Looking for a pretext
Putin had already declared the same nuclear warning level in the wake of the Crimea annexation in 2014. Acute panic is therefore certainly out of place after the Russian president’s statements. But where nuclear weapons are involved, the risk of an unintended escalation must always be considered.
Russia’s nuclear doctrine, last updated in 2020, provides for the use of nuclear weapons in two cases: in the event of a nuclear attack on Russia; but in addition, Moscow reserves the use in large-scale deployments of conventional weapons against Russia and its allies when the existence of the Russian state is threatened.
Given Putin’s invented reasons for war (genocide in eastern Ukraine, neo-Nazi government in Kyiv), facts may be secondary if Russia really wants to see a pretext for using nuclear weapons. Russia’s atomic arsenal is controlled by three nuclear suitcases: One is with the president, one with the defense minister, and one with the Chief of Staff.
Anyone who wants to launch a Russian nuclear strike must have two of these three suitcases in his possession. Russian Defense Minister Shoygu is considered a devoted confidant of Putin.
In the port of Kaliningrad
One thing is certain: Russia, which was insulted as a “regional power” by then U.S. President Barack Obama a few years back, is the largest nuclear power in the world. The country possesses some 6,250 nuclear warheads, according to the latest figures from the Stockholm International Peace Research Institute (SIPRI). That’s slightly more than the U.S. arsenal, and nearly half of the roughly 13,000 such weapons worldwide. Some of these are discarded warheads, but about 4,500 are deployable. An estimated 1,600 of them are ready to be launched or dropped at present — on missiles, from submarines or by aircraft. Another 2,900 are stored in central warehouses.
During the height of the Cold War, the United States and the Soviet Union had even more nuclear warheads. Then in the 1980s, with the policy of détente, came disarmament talks. In the process, limits were agreed upon for several types of weapons. Crucial for Europe was the INF Treaty concluded in 1987, which provided for a complete ban on medium-range nuclear missiles with a range of between 500 and 5,000 kilometers.

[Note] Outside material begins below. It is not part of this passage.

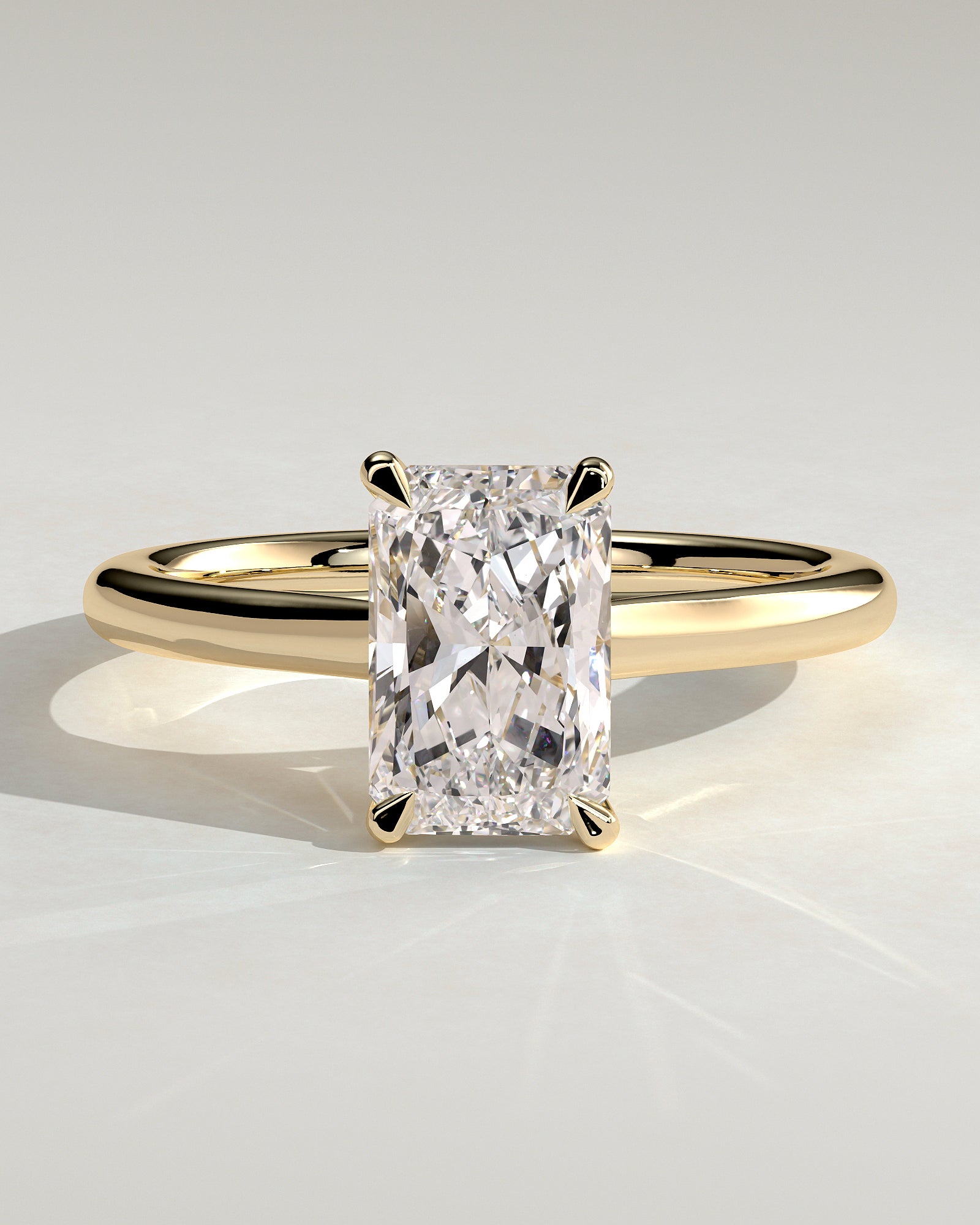 2.0 CT Radiant Cut Moissanite Solitaire Engagement Ring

The first treaty to scrap an entire category of weapons significantly reduced the threat to Europe, as Russian medium-range missiles had previously been aimed directly at Europe. However, according to Western intelligence, Putin secretly developed medium-range missiles over the past decade, with the so-called SSC-8 missiles having a range that could reach any target in Germany.

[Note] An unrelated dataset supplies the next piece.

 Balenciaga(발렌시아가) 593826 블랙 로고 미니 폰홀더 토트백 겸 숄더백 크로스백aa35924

Nuclear danger 200 meters away
In response to the clandestine rearmament, former U.S. President Donald Trump terminated the INF Treaty. It has been out of force since Aug. 2, 2019. Russia admitted the existence of the new missile but denied that they violate the INF Treaty. It said the U.S. had withdrawn from the treaty without cause.
Poland has long been much more aware of the danger.
Putin does not even have to hide the nuclear-tipped missiles in Kaliningrad. They have a maximum range of 500 kilometers and were therefore not covered by the INF Treaty — but are stationed close enough to Europe to reach as far as Germany.
Poland has long been much more aware of the danger, especially near the border with Kaliningrad. If you drive from Gołdap in Poland even further towards Kaliningrad, you come to village of Mażucie. From here, the border to the Russian exclave is visible, just 200 meters away.
A barrier chain and a sign warn against entering the unpaved access road to the border. Michal Fiedorov, 28, has always lived in Mażucie. “Putin is capable of anything,” he says. If the Russians came, he would immediately join the fight and defend his homeland.